The most recent update of my system created .pacnew files for both mirrorlist and endeavouros-mirrorlist, and I want to know how to manage them.
I have read the Pacnew section in Arch Wiki and know it recommends manually merging .pacnew files with currently used ones, but in this case that does not seem to be very practical since the two versions look very different, so I want to ask for advice.
Differences between the currently used and .pacnew versions of the mirrorlist file look like this:
Should I find the servers I had uncommented in the standard file, uncomment them in the .pacnew file, delete the mirrorlist file and then rename .pacnew version to mirrorlist? Or is some other way of “merging” them recommended?
For reference, here is how the endeavouros-mirrorlist file looks after I deleted the standard one and renamed the .pacnew version to become the new standard file:
I usually move the existing mirrorlist to a backup, then run rate-mirrors against the new list and start using that.
Actually I have a couple hooks that do it automatically whenever the mirrorlist gets updated, so I never have to think about it or deal with the .pacnew files.

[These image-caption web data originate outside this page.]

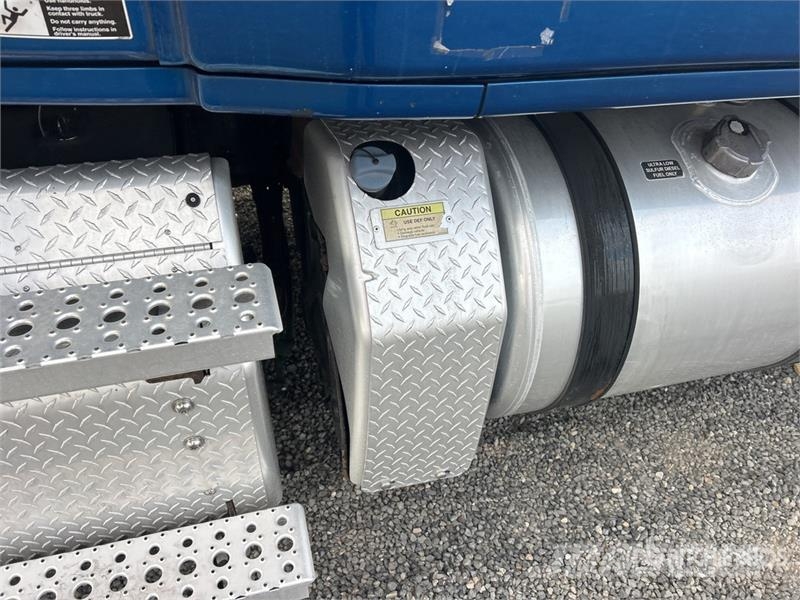 Freightliner Cascadia 126 6x4 T/A Sleeper Truck Tractor Vilcēji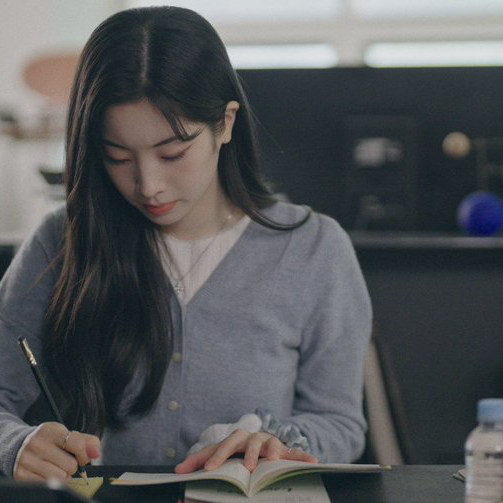 Latest photo of Dahyun (TWICE)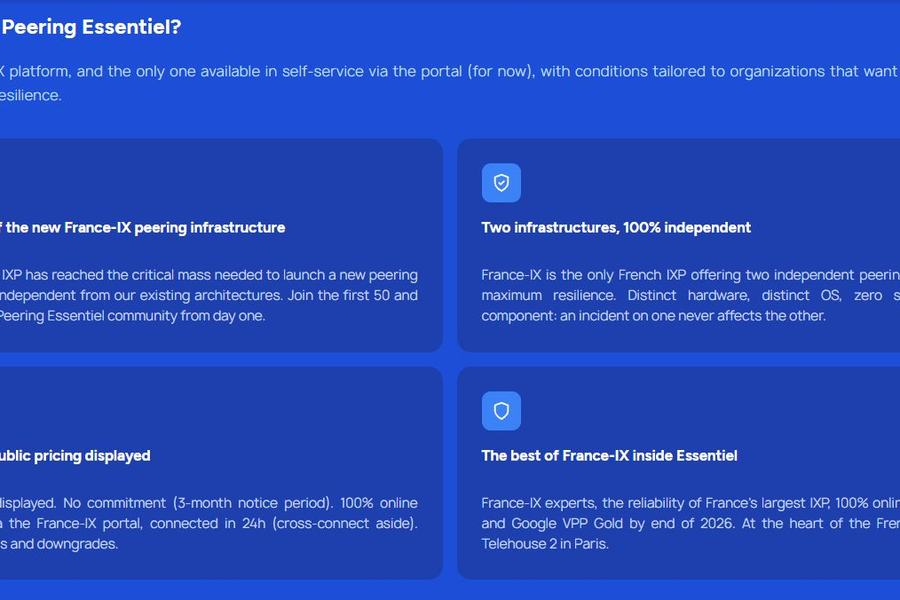 Capture en anglais de la page « Why choose Peering Essentiel? », avec quatre encadrés : pionnier de la nouvelle infrastructure de peering, deux infrastructures 100% indépendantes, 100% en ligne avec tarifs publics, le meilleur de France-IX.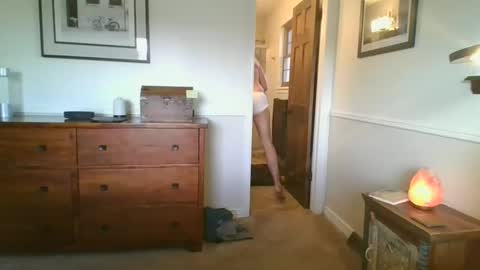 Snapshot of trevorhill99 chatting on December 31, 2024, 5:18 pm Trevor Hill online show from December 31, 2024, 5:18 pm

/etc/pacman.d/hooks/10-mirrorlist-backup.hook
[Trigger]
Operation = Upgrade
Type = Package
Target = pacman-mirrorlist
[Action]
Description = Moving mirrorlist to backup...
When = PreTransaction
Exec = /bin/mv /etc/pacman.d/mirrorlist /etc/pacman.d/mirrorlist.bak
For your main (Arch) mirrorlist, it appears you use reflector.
In that case, I’d completely ignore and delete the .pacnew and instead just manually rerun the command shown in your original mirrorlist (btw, you might want to have reflector service run more often, I believe I had it weekly).

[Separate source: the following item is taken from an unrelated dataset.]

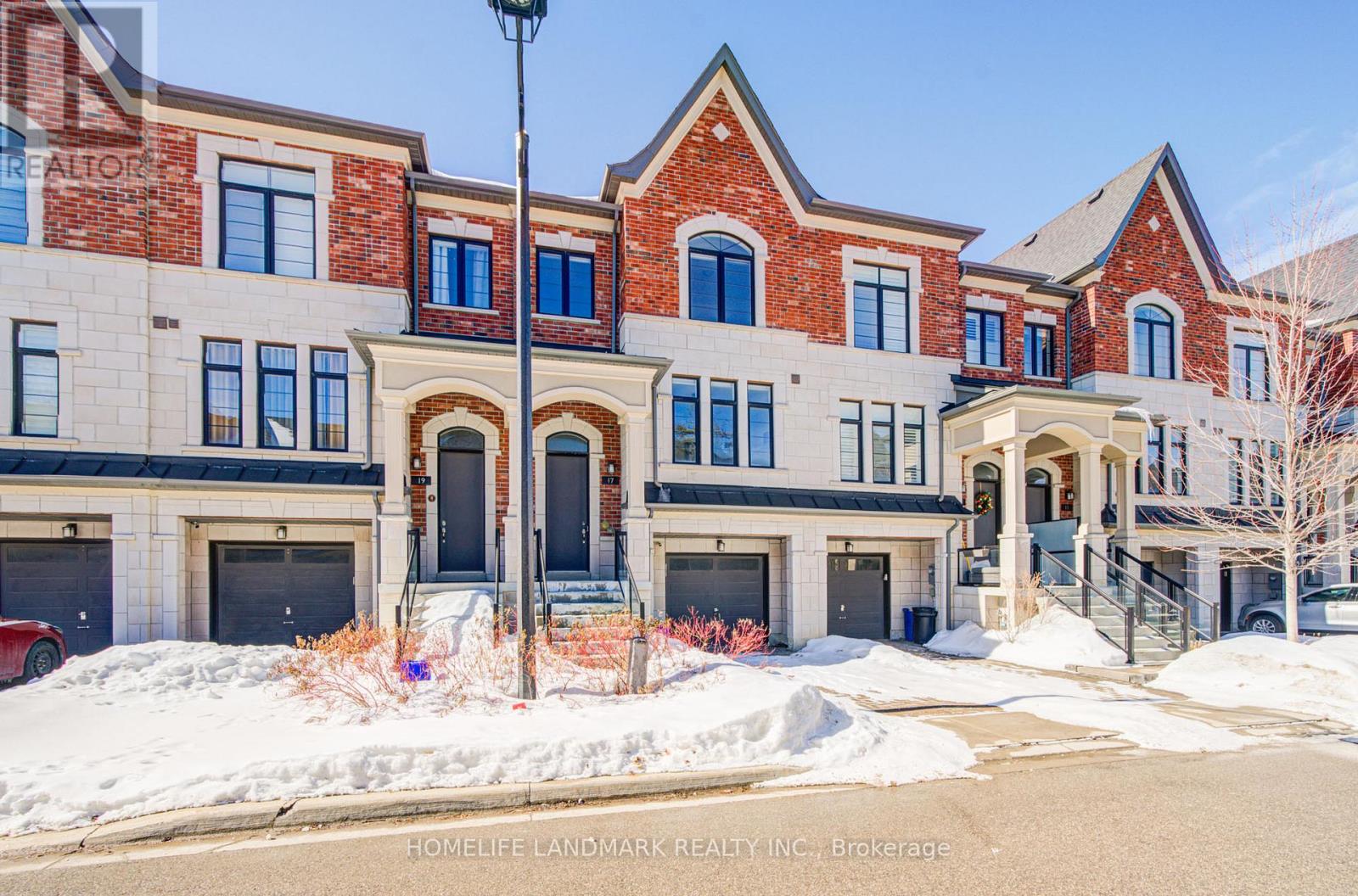 17 Duncombe Lane, Richmond Hill, Ontario  L4C 1C2 - Photo 47 - N12831196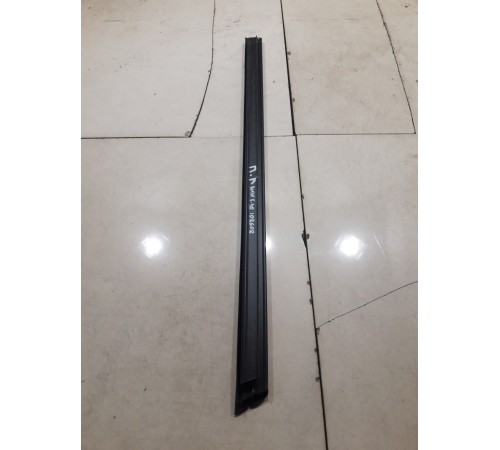 Уплотнитель стекла (передний левый внутренний)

For EOS mirrors, again, depends on what you want to do.
Personally, I either had a 2-3 very specific mirrors I wanted to use “hardcoded” and stable (so ignored and deleted .pacnew), or I completely overwrite the script that generates it (probably overkill if you don’t need customization).
On the other hand, if you don’t care enough and don’t have specific preferences, just adopt the EOS .pacnew as is.
Thank you. If I uncomment select servers in mirrorlist.pacnew, delete mirrorlist and then rename mirrorlist.pacnew to mirrorlist, will that also work? I’m asking because I remember reading older Wiki sections where it recommended moving uncommented servers to the top of the file, etc.
It should work (I’m assuming you are referencing the main/Arch mirrors, since EOS are already uncommented and only commented on the ranking for reference reasons), but I would never advise manual-editing unless it is for the purpose of hard-coding stable selections as described in my previous comment.
I was writting a lot, but instead…
KISS: Just run reflector is my advice.
P.S for future: The hooks suggestions from @BluishHumility are also a great idea, and you can obviously modify them to run reflector instead, if you prefer that.
I was under the impression that you needed to manually uncomment some servers because otherwise it would not check any and not be able to retrieve updates, or would check all of them and thus take a long time, or not prioritise the best ones. I assume that was wrong?
I appreciate all the replies, and will incorporate them into future practices.
You can uncomment them manually, but if you use a tool likerate-mirrors or reflector it takes care of that for you. The tool will figure out which are the best mirrors according to whatever logic is configured in the application, and then uncomment those mirrors (or list them at the top of the file uncommented). Usually you don’t need to go into the file and manually comment or uncomment things unless you are trying to troubleshoot or fix a specific issue.
That’s what I thought too, but given they are not uncommented in mirrorlist.pacnew, and I thought the .pacnew file would have something I would need, I thought I shouldn’t just remove it and rely on reflector-sorted mirrors in mirrorlist.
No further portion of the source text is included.